• [Entries provided]:
◆ ◆ ◆ ◆ ◆ ◆ ◆

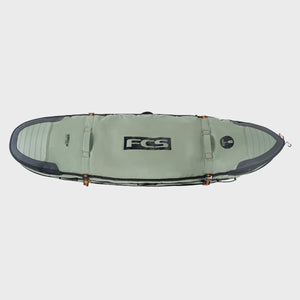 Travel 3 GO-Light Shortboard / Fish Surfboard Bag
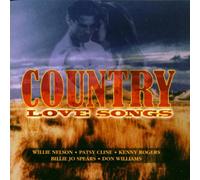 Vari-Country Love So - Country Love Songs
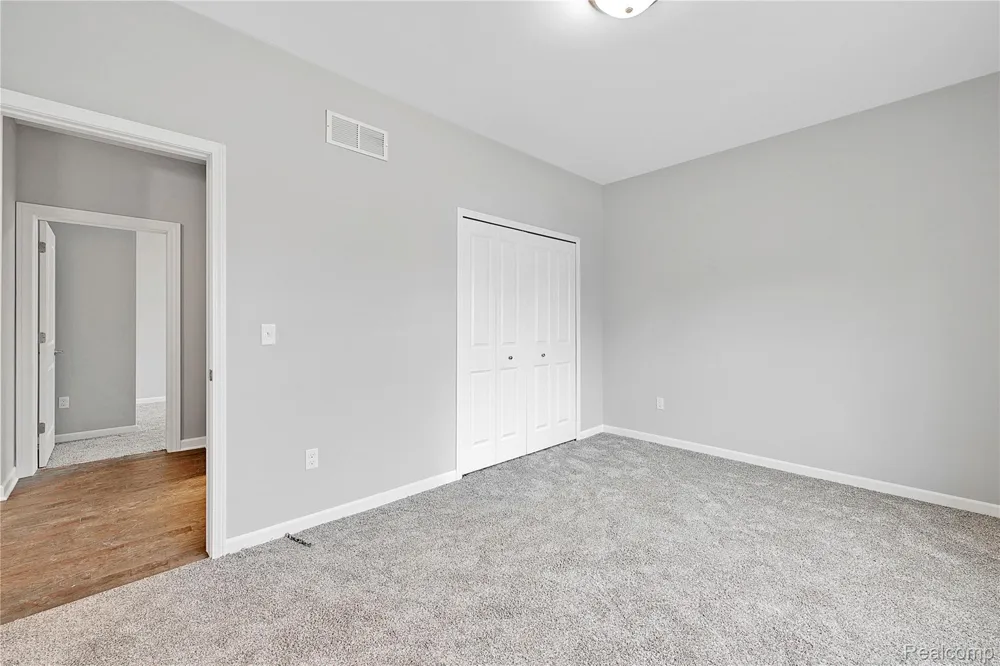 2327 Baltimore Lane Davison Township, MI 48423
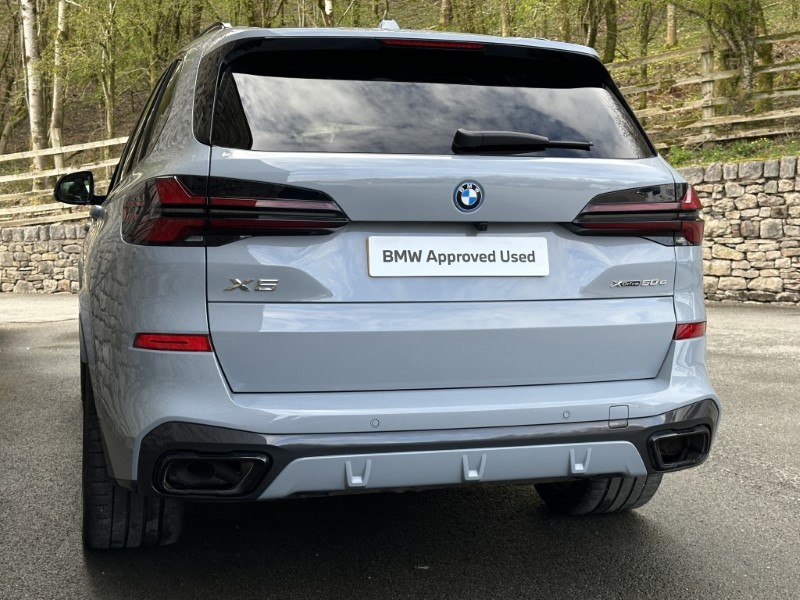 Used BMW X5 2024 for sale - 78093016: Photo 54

◆ ◆ ◆ ◆ ◆ ◆ ◆

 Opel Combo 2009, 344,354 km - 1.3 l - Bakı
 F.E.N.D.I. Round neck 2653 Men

◆ ◆ ◆ ◆ ◆ ◆ ◆

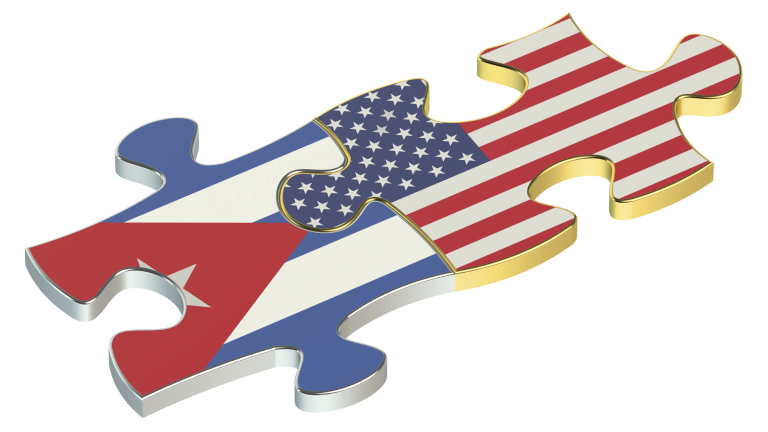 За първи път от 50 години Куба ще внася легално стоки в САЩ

◆ ◆ ◆ ◆ ◆ ◆ ◆

• [Your instructions]:
The response must hold only the lines above from the line with "Opel Combo 2009, 344,354 km - 1.3 l - Bakı" through the line with "F.E.N.D.I. Round neck 2653 Men", each copied exactly, both ends kept.

• [Result of the exercise]:
 Opel Combo 2009, 344,354 km - 1.3 l - Bakı
 F.E.N.D.I. Round neck 2653 Men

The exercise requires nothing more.